Task requirements - In the data that follows, find the line with "Crochet Dog Bandana Tutorial"; transcribe it, every later line up to the one with "Hinduism Kathakali Dancer", and that line as well, exactly and with no others.

═════ Provided material ═════

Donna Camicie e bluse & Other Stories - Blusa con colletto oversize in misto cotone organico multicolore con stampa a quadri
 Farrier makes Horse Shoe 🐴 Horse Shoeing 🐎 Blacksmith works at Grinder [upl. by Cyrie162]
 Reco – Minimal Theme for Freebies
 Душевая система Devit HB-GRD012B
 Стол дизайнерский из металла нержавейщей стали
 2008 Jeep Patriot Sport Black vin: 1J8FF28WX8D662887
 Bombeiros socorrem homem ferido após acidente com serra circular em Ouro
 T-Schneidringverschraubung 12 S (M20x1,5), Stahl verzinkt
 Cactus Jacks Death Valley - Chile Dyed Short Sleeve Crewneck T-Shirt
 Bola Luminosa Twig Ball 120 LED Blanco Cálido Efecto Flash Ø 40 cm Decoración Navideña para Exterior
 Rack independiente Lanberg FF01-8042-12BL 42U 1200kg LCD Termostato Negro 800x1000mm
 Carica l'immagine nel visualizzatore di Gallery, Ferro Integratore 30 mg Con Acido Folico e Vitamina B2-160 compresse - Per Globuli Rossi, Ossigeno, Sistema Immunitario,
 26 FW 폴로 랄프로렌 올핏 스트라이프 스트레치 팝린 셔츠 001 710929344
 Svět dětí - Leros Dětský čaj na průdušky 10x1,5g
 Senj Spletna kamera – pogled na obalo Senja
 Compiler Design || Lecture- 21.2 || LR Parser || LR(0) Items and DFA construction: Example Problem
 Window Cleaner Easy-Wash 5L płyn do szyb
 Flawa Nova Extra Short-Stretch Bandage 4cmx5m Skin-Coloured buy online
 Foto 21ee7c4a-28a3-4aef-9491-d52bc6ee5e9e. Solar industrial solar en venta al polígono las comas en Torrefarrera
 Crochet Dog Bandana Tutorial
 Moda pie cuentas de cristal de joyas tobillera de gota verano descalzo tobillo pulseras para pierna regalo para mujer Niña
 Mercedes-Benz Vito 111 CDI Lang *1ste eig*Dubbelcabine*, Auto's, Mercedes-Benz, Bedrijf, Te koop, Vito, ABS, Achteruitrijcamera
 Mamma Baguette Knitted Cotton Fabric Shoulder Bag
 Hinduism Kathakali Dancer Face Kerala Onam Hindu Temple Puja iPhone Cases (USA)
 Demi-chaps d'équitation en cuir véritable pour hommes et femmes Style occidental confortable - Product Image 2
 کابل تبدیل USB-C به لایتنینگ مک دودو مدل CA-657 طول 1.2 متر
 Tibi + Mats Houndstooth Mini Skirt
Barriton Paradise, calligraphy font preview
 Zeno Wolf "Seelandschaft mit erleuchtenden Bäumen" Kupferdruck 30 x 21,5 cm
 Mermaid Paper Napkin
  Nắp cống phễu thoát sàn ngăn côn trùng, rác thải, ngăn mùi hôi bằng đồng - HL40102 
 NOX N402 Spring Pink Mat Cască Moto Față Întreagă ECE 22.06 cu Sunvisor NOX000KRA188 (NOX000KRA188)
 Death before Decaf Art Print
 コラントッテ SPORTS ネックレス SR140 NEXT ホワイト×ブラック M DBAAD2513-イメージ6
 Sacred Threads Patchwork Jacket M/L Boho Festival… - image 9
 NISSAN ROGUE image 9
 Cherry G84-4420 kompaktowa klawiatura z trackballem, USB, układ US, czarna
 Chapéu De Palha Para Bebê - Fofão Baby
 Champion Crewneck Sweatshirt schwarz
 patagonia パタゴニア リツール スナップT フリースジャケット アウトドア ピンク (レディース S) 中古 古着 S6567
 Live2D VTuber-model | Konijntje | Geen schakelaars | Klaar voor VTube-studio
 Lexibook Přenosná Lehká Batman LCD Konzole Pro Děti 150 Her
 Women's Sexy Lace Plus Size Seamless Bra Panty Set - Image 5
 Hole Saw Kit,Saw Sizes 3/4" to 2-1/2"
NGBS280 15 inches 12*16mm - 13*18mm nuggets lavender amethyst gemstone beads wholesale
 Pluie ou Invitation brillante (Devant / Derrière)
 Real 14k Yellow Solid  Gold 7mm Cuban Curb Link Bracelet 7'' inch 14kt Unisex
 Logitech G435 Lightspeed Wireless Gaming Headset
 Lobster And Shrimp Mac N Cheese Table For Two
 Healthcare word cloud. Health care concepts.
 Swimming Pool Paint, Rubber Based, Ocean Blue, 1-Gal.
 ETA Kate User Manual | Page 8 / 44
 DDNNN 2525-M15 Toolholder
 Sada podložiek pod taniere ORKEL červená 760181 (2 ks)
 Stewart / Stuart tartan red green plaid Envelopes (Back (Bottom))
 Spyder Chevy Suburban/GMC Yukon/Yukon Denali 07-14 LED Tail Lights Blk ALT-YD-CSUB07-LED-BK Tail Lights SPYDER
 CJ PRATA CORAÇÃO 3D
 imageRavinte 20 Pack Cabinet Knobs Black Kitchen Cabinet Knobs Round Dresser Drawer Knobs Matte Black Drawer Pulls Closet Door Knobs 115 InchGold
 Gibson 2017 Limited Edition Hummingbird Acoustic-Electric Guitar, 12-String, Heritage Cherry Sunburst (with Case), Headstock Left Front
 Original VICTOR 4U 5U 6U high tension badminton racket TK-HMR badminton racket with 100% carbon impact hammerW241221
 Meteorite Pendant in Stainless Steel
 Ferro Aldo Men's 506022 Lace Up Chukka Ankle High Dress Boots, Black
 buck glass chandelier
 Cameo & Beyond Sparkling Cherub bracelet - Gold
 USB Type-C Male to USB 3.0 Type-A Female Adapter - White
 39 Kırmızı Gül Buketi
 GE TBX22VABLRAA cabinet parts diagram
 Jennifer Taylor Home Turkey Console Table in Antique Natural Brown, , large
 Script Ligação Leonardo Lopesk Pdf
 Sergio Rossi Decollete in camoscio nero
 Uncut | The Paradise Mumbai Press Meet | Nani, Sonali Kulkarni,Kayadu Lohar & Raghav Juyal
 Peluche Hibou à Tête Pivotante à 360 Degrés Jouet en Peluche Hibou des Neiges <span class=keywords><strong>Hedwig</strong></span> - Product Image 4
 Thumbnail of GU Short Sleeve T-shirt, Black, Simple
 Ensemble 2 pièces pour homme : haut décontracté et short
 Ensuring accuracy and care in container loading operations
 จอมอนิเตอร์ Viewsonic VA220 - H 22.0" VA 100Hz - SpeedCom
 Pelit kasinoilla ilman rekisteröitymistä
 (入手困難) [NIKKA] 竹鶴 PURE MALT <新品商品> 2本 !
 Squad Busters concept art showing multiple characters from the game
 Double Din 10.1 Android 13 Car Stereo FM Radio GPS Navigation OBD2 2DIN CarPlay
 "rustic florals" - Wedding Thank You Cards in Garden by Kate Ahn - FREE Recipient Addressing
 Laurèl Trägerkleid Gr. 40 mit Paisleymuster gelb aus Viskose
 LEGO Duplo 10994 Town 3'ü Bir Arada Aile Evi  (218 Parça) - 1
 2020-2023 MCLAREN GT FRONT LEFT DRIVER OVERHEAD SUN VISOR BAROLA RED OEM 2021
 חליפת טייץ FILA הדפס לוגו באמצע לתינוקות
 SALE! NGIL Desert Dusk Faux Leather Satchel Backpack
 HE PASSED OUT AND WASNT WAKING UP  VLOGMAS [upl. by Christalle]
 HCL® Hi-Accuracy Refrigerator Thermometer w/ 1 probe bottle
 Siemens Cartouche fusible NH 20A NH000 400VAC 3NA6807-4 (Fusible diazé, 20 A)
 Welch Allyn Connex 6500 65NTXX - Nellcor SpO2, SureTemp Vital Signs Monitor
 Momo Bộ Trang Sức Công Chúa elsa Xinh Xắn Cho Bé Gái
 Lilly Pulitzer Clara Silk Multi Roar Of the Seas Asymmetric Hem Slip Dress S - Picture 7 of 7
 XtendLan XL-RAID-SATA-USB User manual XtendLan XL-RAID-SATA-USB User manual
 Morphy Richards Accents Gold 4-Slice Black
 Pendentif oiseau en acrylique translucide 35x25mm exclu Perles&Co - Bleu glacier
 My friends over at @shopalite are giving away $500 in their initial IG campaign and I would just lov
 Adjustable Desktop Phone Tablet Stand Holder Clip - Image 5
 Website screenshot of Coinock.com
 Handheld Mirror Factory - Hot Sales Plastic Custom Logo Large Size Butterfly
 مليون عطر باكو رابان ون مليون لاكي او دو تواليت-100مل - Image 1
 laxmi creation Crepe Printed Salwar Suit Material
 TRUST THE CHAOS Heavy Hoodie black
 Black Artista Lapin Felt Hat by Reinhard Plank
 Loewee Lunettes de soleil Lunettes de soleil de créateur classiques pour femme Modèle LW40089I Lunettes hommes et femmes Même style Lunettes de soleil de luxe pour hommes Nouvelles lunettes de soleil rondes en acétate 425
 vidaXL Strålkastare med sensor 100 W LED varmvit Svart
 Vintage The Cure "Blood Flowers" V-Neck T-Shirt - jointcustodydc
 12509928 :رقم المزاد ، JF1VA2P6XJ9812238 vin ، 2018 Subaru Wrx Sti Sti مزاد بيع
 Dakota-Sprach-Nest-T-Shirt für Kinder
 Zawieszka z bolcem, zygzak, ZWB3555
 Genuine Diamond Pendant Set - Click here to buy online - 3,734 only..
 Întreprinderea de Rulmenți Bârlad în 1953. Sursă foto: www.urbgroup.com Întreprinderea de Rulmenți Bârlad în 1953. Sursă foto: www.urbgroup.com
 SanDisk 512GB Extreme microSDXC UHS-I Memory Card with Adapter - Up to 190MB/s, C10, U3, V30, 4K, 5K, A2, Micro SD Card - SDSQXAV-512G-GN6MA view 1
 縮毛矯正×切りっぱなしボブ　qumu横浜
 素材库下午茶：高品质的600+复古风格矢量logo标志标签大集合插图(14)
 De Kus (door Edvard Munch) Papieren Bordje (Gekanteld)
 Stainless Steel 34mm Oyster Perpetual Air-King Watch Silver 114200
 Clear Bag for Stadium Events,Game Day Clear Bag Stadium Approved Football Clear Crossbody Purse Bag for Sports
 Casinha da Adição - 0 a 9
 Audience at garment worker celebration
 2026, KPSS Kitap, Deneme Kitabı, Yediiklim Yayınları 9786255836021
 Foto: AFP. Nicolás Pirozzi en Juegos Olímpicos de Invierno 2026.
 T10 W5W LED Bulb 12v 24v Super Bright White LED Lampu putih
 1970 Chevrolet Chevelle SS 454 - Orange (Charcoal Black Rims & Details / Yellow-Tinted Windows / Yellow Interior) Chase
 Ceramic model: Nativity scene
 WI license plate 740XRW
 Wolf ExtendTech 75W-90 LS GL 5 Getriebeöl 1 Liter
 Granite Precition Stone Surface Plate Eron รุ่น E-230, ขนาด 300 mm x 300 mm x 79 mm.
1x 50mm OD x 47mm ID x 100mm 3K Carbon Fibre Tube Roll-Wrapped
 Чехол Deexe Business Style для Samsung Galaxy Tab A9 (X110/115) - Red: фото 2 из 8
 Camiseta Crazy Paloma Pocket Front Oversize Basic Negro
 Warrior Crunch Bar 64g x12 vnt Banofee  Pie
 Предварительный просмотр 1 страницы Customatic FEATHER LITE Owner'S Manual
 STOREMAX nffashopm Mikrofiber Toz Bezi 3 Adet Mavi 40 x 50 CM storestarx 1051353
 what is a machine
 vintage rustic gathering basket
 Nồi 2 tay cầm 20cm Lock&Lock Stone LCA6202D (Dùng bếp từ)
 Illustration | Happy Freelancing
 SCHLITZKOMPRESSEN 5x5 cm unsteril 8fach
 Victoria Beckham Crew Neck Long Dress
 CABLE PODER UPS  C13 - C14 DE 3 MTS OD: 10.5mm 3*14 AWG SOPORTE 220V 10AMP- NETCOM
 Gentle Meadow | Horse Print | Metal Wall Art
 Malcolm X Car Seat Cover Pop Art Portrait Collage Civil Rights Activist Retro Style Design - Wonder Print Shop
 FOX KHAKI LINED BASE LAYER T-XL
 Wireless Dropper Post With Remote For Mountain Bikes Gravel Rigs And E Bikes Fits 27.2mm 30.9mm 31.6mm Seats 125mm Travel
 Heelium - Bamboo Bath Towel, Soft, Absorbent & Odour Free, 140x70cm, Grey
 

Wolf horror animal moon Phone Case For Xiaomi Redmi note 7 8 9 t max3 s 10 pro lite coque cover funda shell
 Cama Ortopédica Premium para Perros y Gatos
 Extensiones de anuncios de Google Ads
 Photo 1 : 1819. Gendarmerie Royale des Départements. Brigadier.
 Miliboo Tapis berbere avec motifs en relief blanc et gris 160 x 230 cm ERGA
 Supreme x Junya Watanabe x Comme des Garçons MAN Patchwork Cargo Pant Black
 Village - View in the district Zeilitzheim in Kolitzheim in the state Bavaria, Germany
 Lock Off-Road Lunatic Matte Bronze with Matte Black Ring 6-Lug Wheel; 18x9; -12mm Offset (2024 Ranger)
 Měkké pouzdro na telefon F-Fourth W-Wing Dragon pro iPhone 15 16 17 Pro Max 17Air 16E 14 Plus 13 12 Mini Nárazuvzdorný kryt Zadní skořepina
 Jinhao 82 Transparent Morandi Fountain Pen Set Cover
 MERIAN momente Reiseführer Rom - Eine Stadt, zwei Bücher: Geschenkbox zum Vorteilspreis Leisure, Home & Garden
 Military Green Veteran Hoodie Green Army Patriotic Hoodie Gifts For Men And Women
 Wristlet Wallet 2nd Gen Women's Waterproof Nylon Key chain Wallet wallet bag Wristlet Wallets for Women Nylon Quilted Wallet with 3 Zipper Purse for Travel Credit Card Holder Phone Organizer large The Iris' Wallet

═════

Expected answer -
 Crochet Dog Bandana Tutorial
 Moda pie cuentas de cristal de joyas tobillera de gota verano descalzo tobillo pulseras para pierna regalo para mujer Niña
 Mercedes-Benz Vito 111 CDI Lang *1ste eig*Dubbelcabine*, Auto's, Mercedes-Benz, Bedrijf, Te koop, Vito, ABS, Achteruitrijcamera
 Mamma Baguette Knitted Cotton Fabric Shoulder Bag
 Hinduism Kathakali Dancer Face Kerala Onam Hindu Temple Puja iPhone Cases (USA)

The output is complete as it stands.